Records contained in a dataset
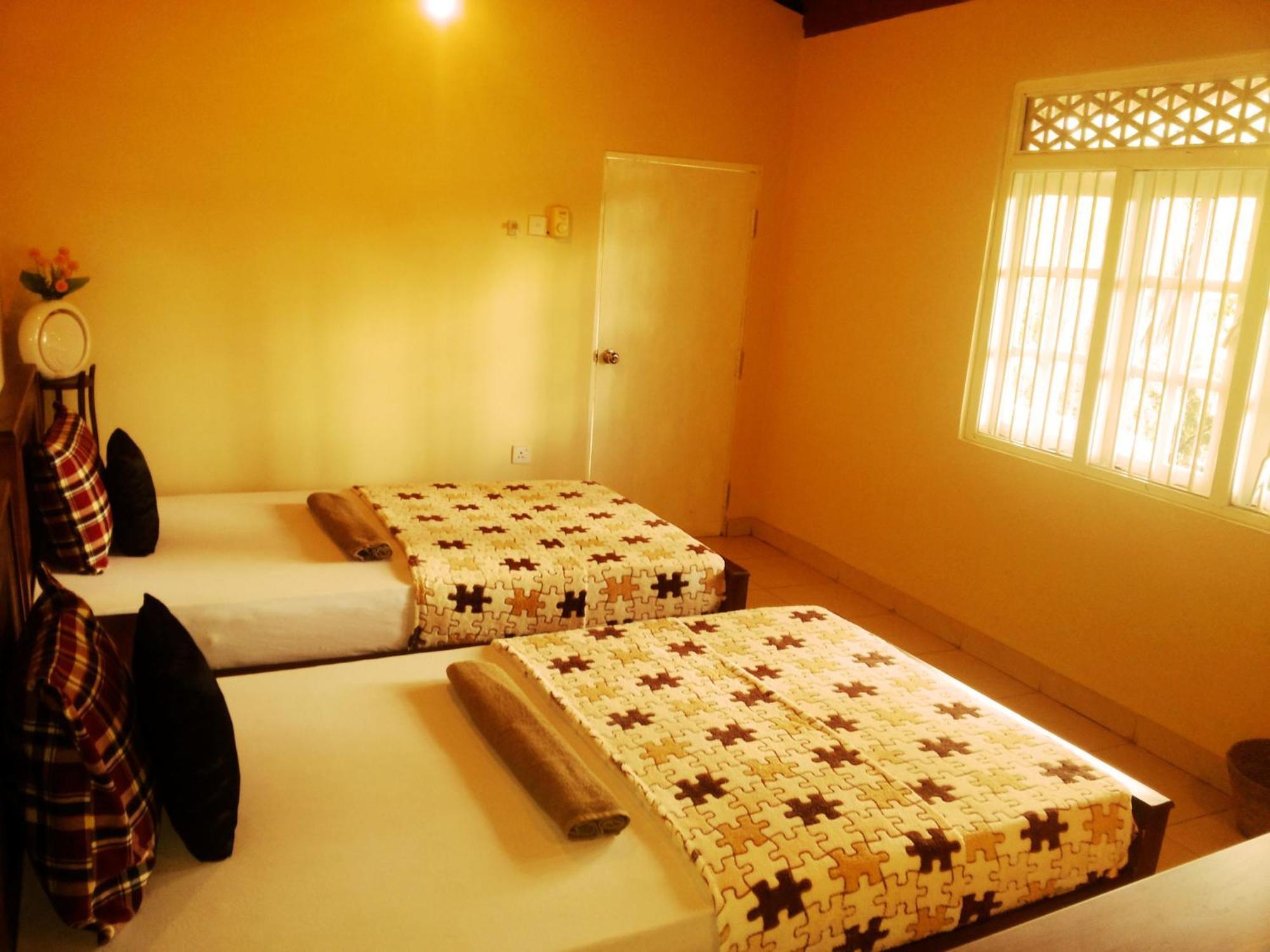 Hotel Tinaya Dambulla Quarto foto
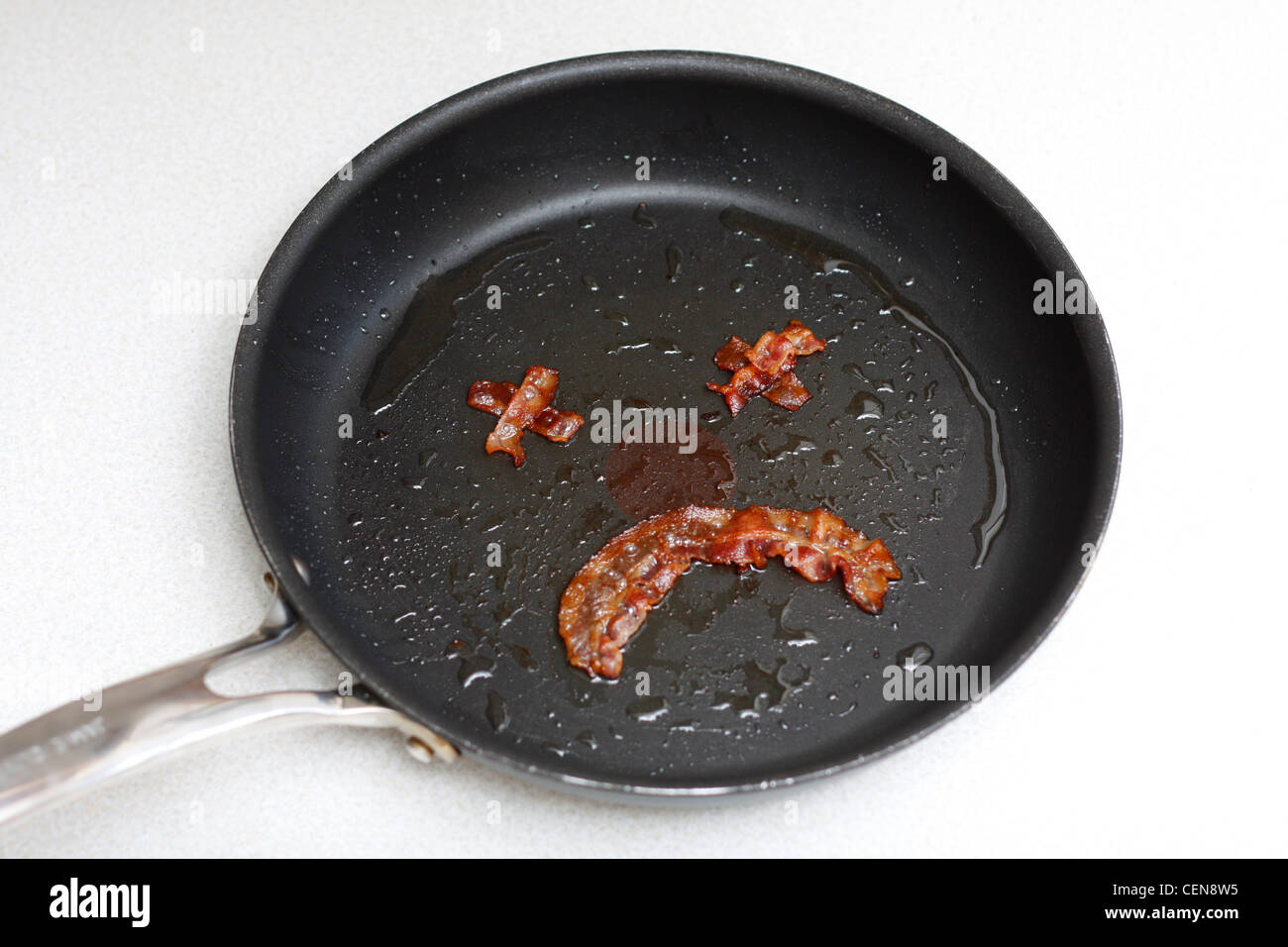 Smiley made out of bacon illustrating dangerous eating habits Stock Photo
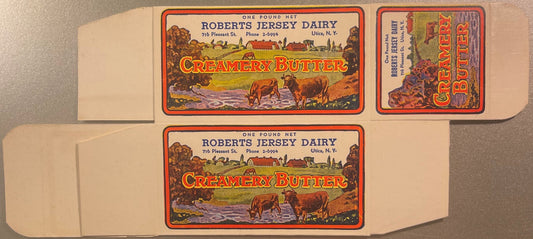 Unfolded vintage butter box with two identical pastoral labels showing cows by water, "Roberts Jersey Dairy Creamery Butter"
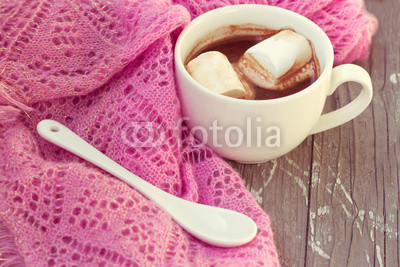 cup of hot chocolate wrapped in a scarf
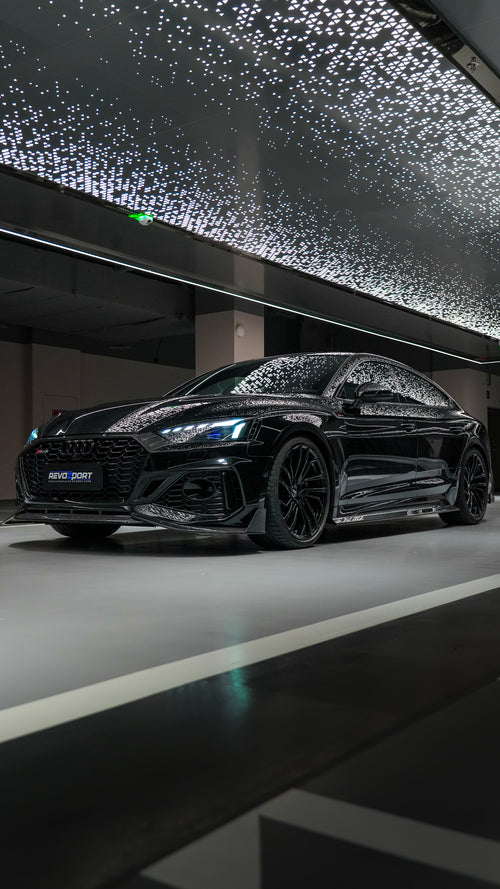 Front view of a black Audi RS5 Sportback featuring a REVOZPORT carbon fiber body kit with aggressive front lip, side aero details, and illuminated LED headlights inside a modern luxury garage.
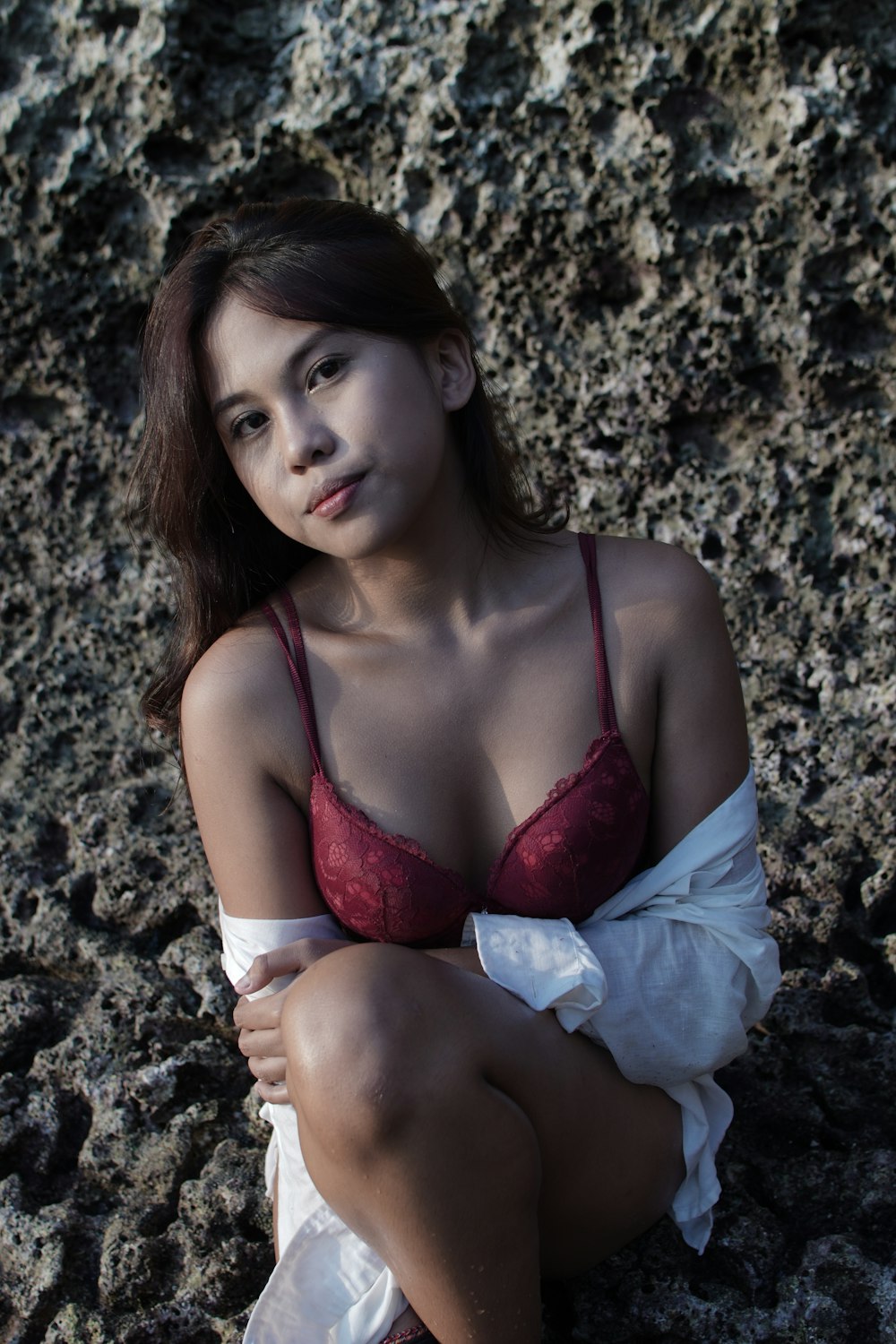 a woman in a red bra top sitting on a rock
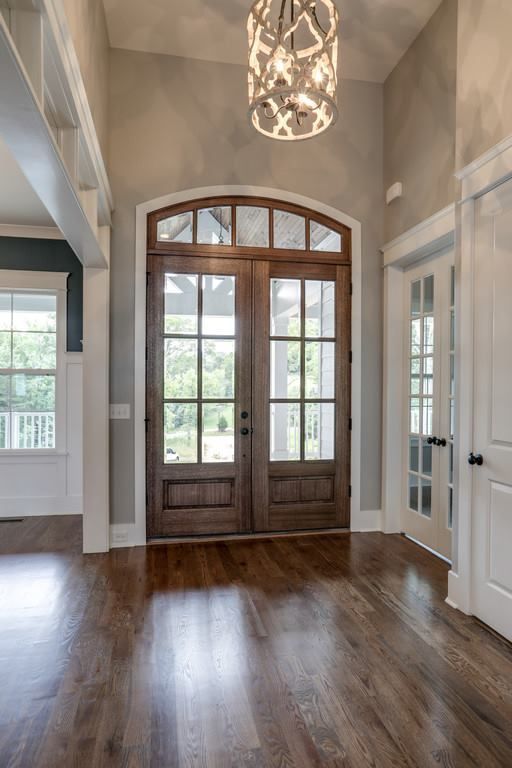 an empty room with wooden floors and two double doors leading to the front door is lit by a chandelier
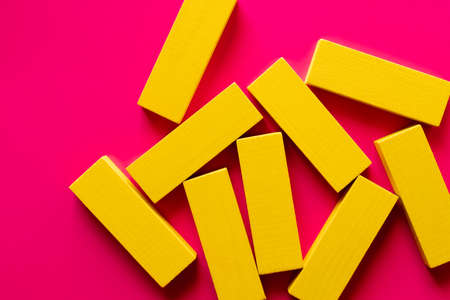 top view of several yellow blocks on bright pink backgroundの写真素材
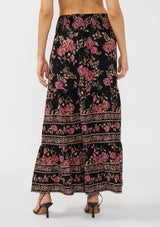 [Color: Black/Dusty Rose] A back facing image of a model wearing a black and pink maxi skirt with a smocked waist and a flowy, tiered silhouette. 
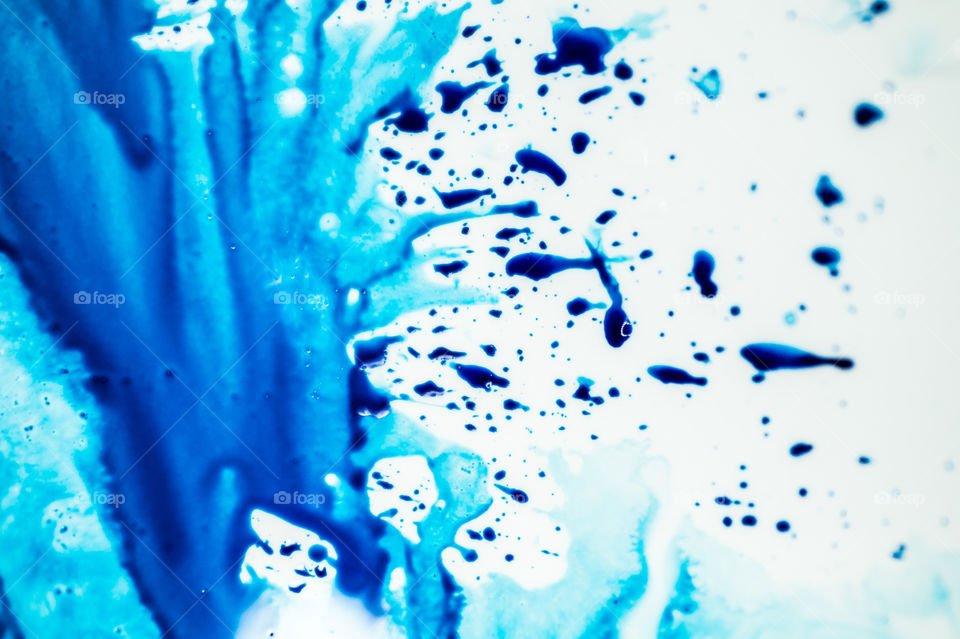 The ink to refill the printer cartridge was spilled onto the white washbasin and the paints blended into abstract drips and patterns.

→ **REQUIRED ACTION**: Above are records; repeat only the lines from the line with "Unfolded vintage butter" through the line with "[Color: Black/Dusty Rose]", and leave pictures out.

→ **TASK OUTPUT**:
 Unfolded vintage butter box with two identical pastoral labels showing cows by water, "Roberts Jersey Dairy Creamery Butter"
 cup of hot chocolate wrapped in a scarf
 Front view of a black Audi RS5 Sportback featuring a REVOZPORT carbon fiber body kit with aggressive front lip, side aero details, and illuminated LED headlights inside a modern luxury garage.
 a woman in a red bra top sitting on a rock
 an empty room with wooden floors and two double doors leading to the front door is lit by a chandelier
 top view of several yellow blocks on bright pink backgroundの写真素材
 [Color: Black/Dusty Rose] A back facing image of a model wearing a black and pink maxi skirt with a smocked waist and a flowy, tiered silhouette. 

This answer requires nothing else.